Robot Astronaut Kirobo Awarded Two Guinness World Records Titles

•    Gets award for being “The first companion robot in space”
•    Recognised by Guinness for “The highest altitude for a robot to have a conversation”
Two Guinness World Records titles have been awarded to Kirobo, the robot astronaut developed as part of a joint research project between Dentsu Inc., the University of Tokyo’s Research Center for Advanced Science and Technology, Robo Garage Co., Ltd., Toyota Motor Corporation, and the Japan Aerospace Exploration Agency (JAXA). Erika Ogawa, Vice President Japan, Guinness World Records Ltd, recently presented Kirobo with two Guinness World Records certificates for the following achievements:
•    The first companion robot in space, which arrived at the International Space Station on 9 August 2013.
•    The highest altitude for a robot to have a conversation at 414.2 km above mean sea level achieved on the International Space Station on 7 December 2013.
According to Takayuki Yoshitsugu, Chief Representative, Middle East and North Africa Representative Office, TOYOTA Motor Corporation, “The recognition by Guinness World Records is a wonderful acknowledgement of the achievements by Kirobo and a dedicated multi-disciplinary team who have pushed the boundaries of science and technology to understand how humans and robots might interact in space in the future. The long-term aim of the Kirobo Robot Project is for robots to provide companionship to those who need them most and Kirobo represents the first step towards this vision of the future.”
Kirobo arrived at the International Space Station (ISS) on August 10, 2013 and spent a total of eighteen months there, holding the world’s first conversation experiment in outer space between a robot and a human (JAXA astronaut Koichi Wakata) and conducting research for a future in which humans and robots coexist.
On 10 February 2015, Kirobo came safely back to Earth aboard SpaceX’s CRS-5 Dragon cargo supply spacecraft which splashed down in the Pacific Ocean off California, and then arrived back in Japan on March 12. Kirobo’s first words after returning home were: “From up above, the Earth glowed like a blue LED.”
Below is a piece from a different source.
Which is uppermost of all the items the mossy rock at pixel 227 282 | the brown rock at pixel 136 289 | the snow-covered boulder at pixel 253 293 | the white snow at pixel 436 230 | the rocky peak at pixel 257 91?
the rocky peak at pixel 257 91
At the debriefing session held at the National Museum of Emerging Science and Innovation in Tokyo, the project members gave a summary report and showed a video of the highlights of Kirobo’s activities aboard the ISS. The session was chaired by Fuminori Kataoka, project general manager in the Product
Planning Group of Toyota Motor Corporation, and the two speakers were Tomotaka Takahashi, the president of ROBO GARAGE Co., Ltd. who is also a visiting research fellow at the University of Tokyo’s Research Center for Advanced Science and Technology, and Yorichika Nishijima, a copywriter in Dentsu Inc.’s Business Creation Center as well as head of the Dentsu Robot Center. Kirobo also appeared on stage to chat with the project team members.
Toyota’s role in the Kirobo project has been to engineer voice and facial recognition technologies. Like every process within the company, Kirobo’s development has been conducted under the Japanese practice of Kaizen, or continuous improvement.